DIRECTIONS>
Omit the pictures, please, and give each record below again exactly.

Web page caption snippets

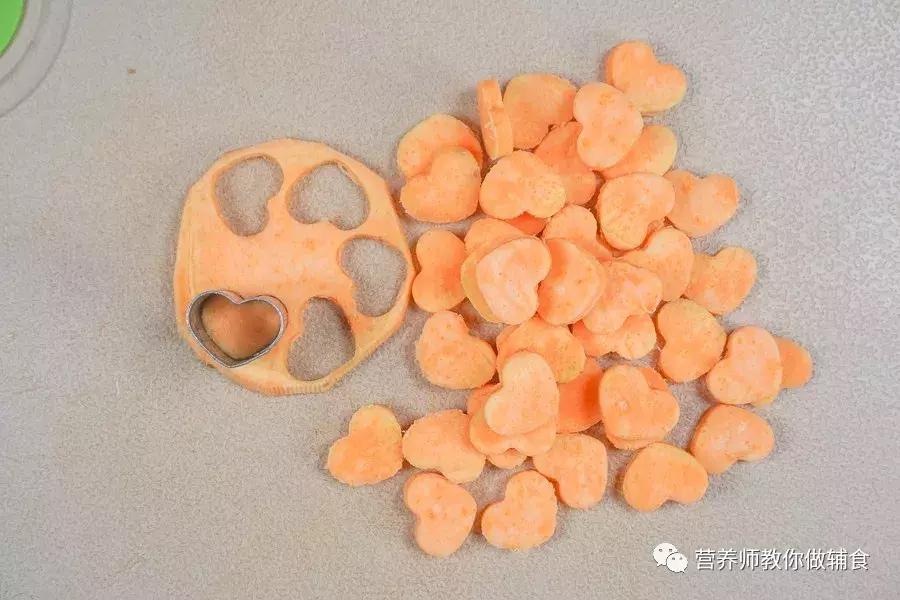 宝宝便秘积食吃什么辅食改善,宝宝一般早餐吃什么好呢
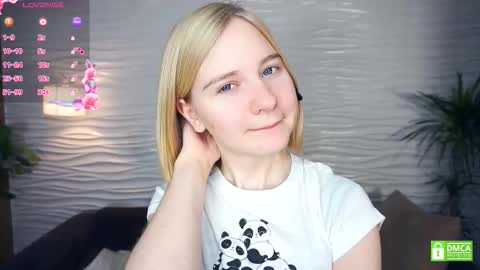 Hann G. Jones online show from November 2025 04:11:02 AM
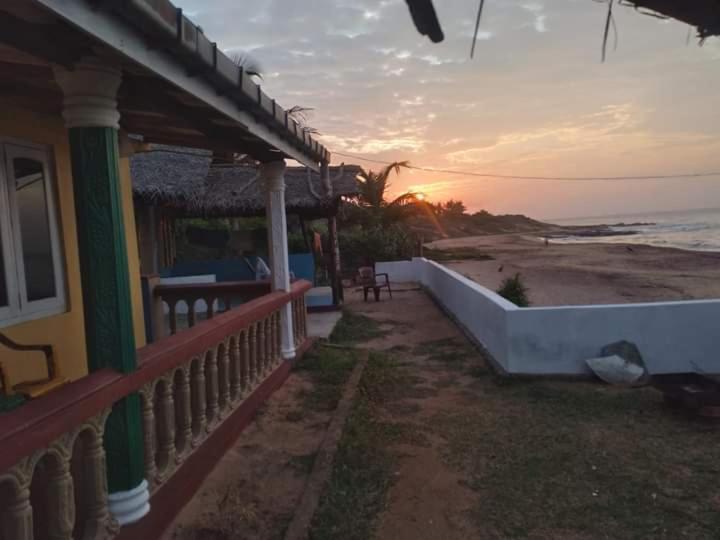 Happy Beach Guest House Hambantota Exteriör bild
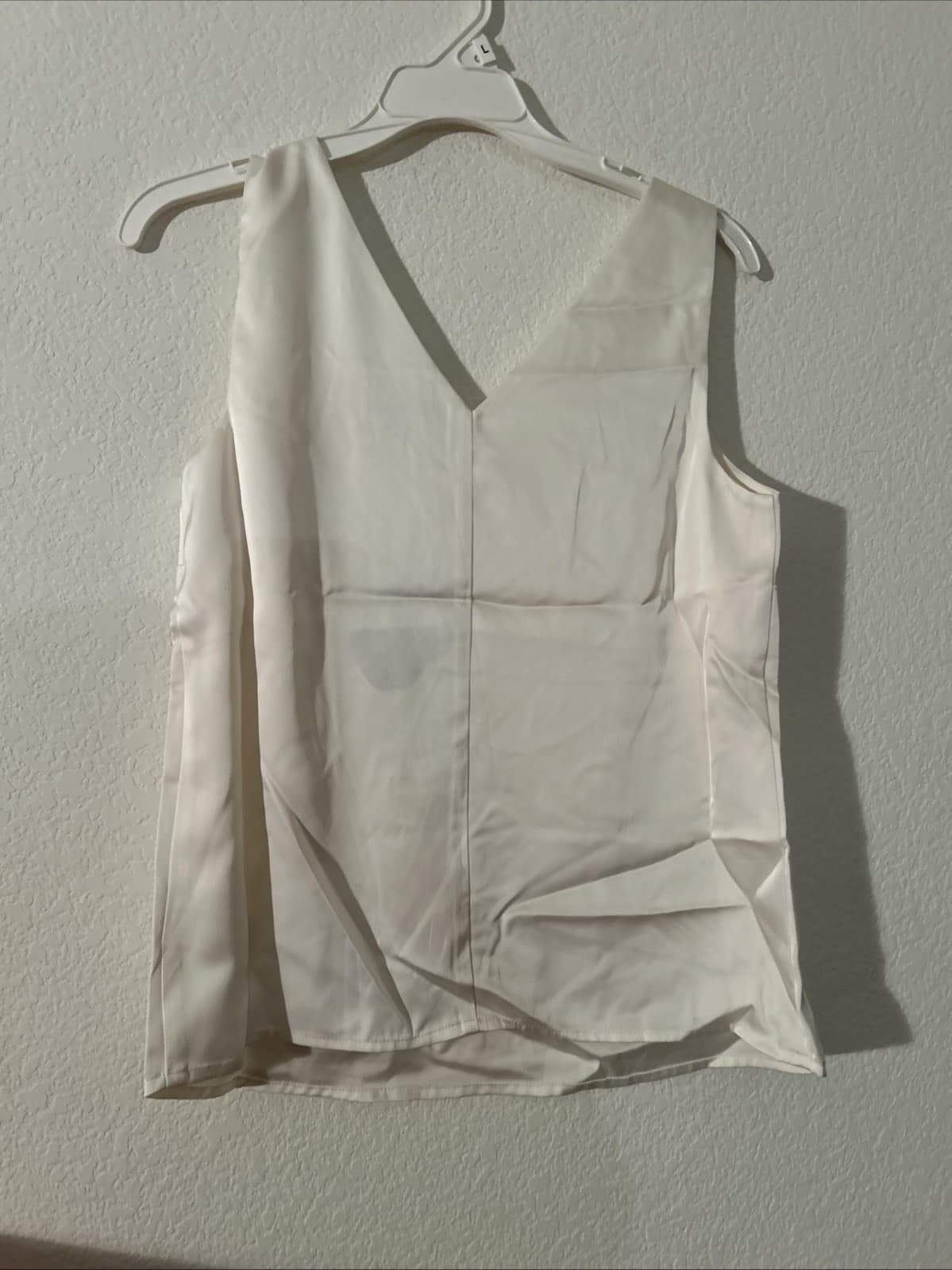 Women’s Whisper White tank Top NWT XS Scoop - Thumbnail 3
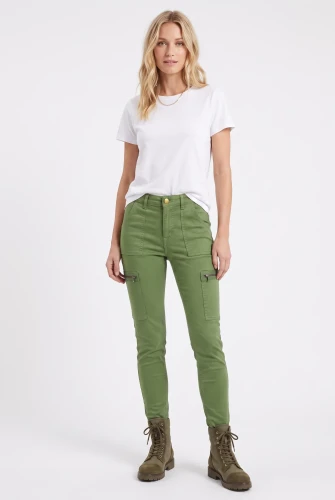 H&M-oliwkowe-militarne-spodnie-jeansy-modelka-przod.webp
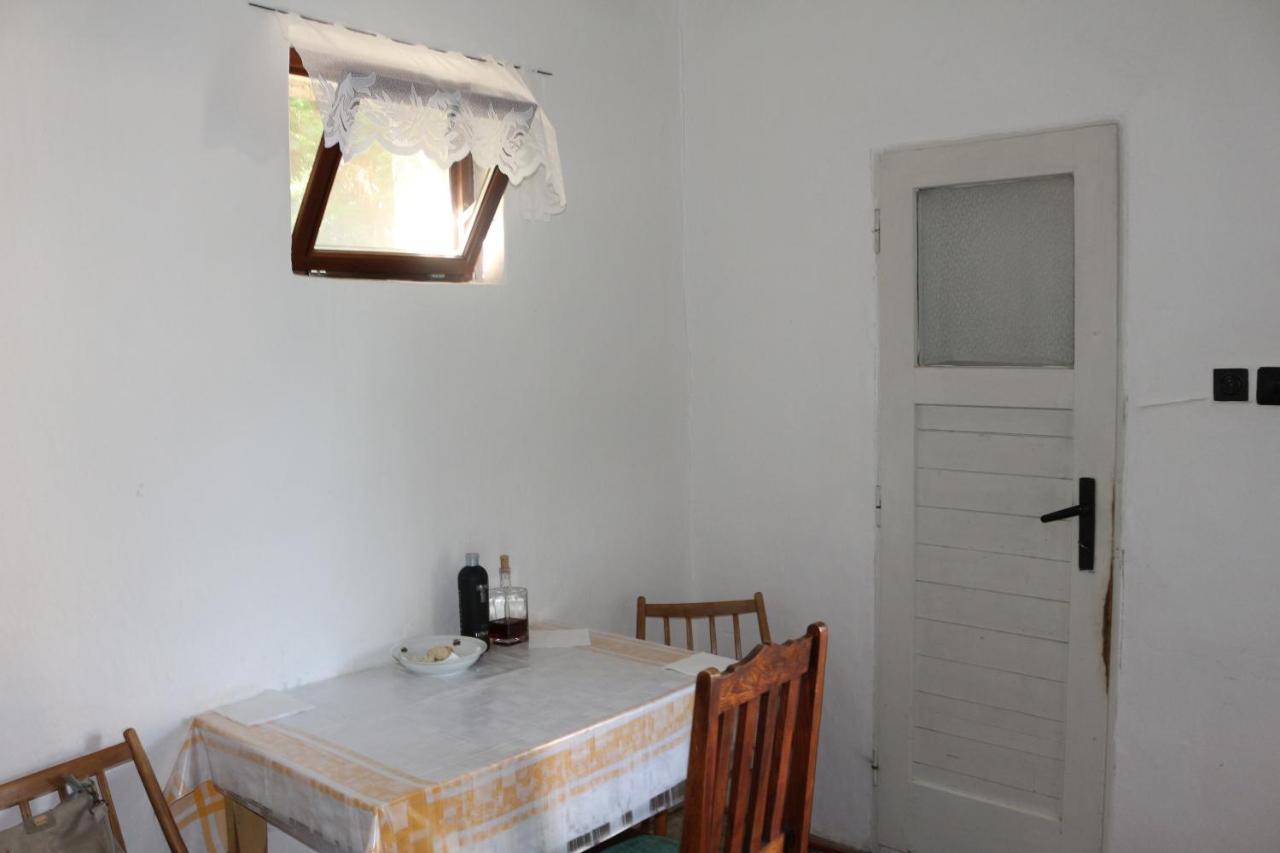 Vinyl House Guest House Strekov ภายนอก รูปภาพ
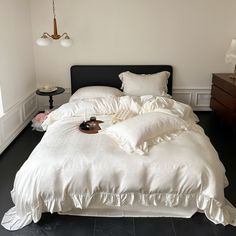 Coquette Tencel Silky Ruffle Bedding Set / White Medium Fitted Parisian Interior Bedroom, White Comforter Bedroom, Classic Duvet Covers, Stylish Bedding, Christmas Posters, Summer Bedroom, Best Bedding Sets, Bed Sheet Sizes, Large Beds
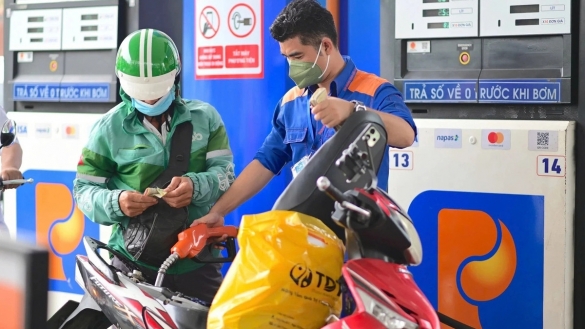 Giá xăng dầu đồng loạt giảm mạnh kỳ từ 22 giờ ngày 11/3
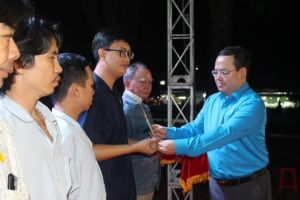 几千个工人参加2025年劳工联合会春节集市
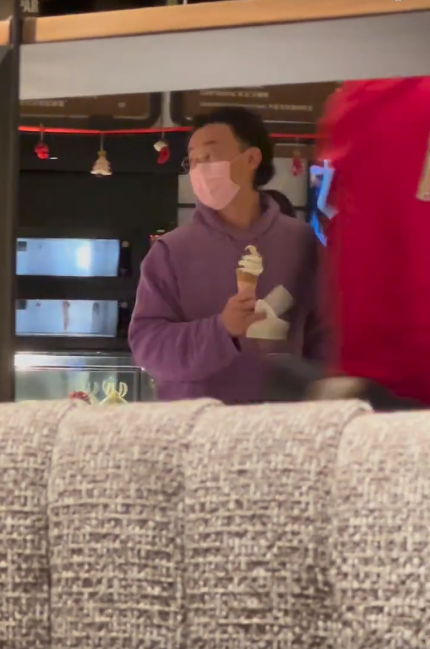 陈奕迅夫妇低调现身餐厅，顾客低头交谈无人理，被嘲笑已过气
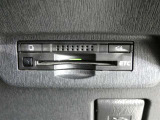 ナビ連動タイプのETC車載機です。ナビゲーションと連動してくれますのでカード未挿入を知らせてくれるなど便利な機能が追加されています。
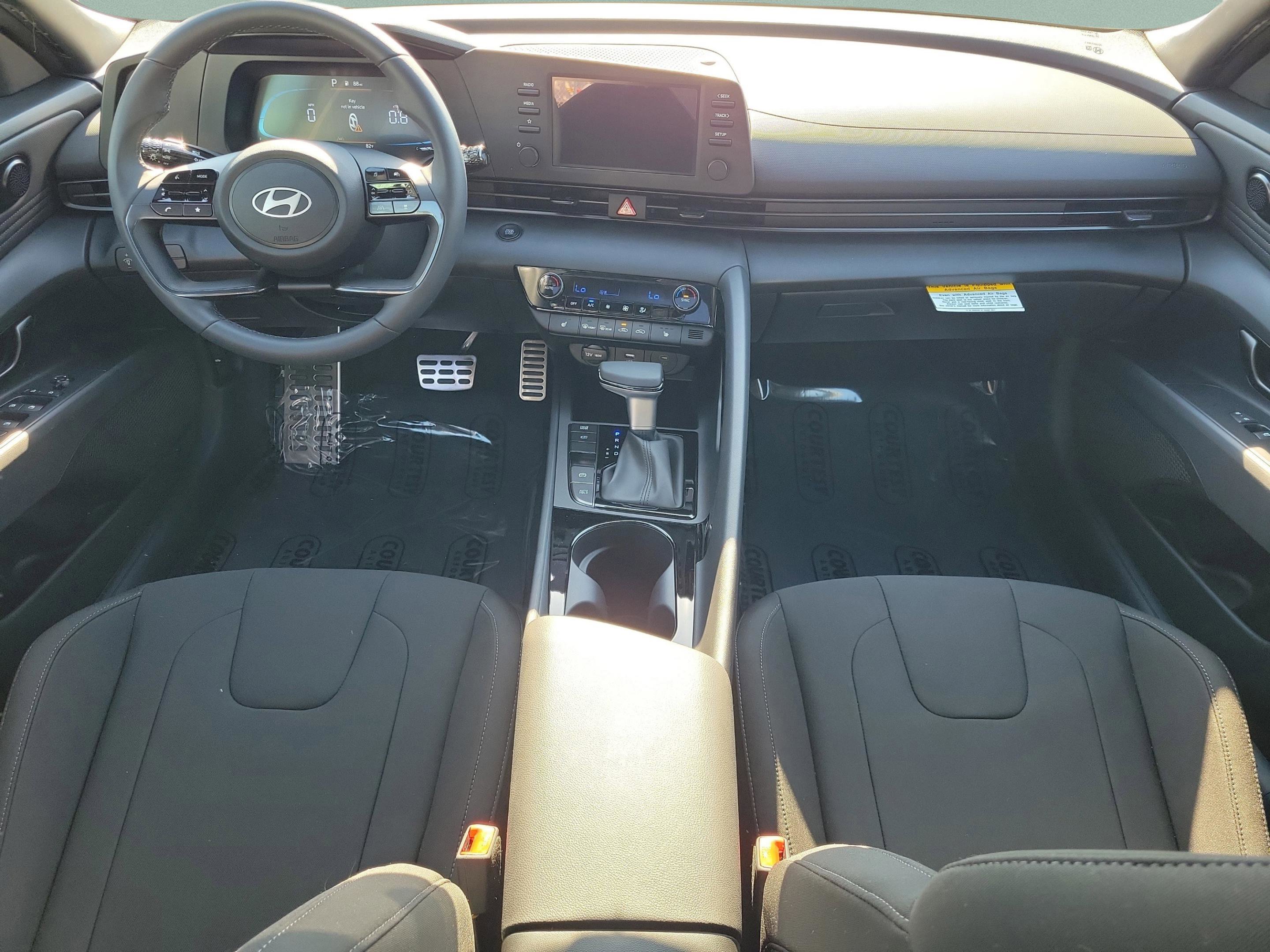 New 2026 Hyundai Elantra SEL Sport Premium w/ Cargo Package FWD image 29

ANSWER FOR THIS EXERCISE>
 宝宝便秘积食吃什么辅食改善,宝宝一般早餐吃什么好呢
 Hann G. Jones online show from November 2025 04:11:02 AM
 Happy Beach Guest House Hambantota Exteriör bild
 Women’s Whisper White tank Top NWT XS Scoop - Thumbnail 3
 H&M-oliwkowe-militarne-spodnie-jeansy-modelka-przod.webp
 Vinyl House Guest House Strekov ภายนอก รูปภาพ
 Coquette Tencel Silky Ruffle Bedding Set / White Medium Fitted Parisian Interior Bedroom, White Comforter Bedroom, Classic Duvet Covers, Stylish Bedding, Christmas Posters, Summer Bedroom, Best Bedding Sets, Bed Sheet Sizes, Large Beds
 Giá xăng dầu đồng loạt giảm mạnh kỳ từ 22 giờ ngày 11/3
 几千个工人参加2025年劳工联合会春节集市
 陈奕迅夫妇低调现身餐厅，顾客低头交谈无人理，被嘲笑已过气
 ナビ連動タイプのETC車載機です。ナビゲーションと連動してくれますのでカード未挿入を知らせてくれるなど便利な機能が追加されています。
 New 2026 Hyundai Elantra SEL Sport Premium w/ Cargo Package FWD image 29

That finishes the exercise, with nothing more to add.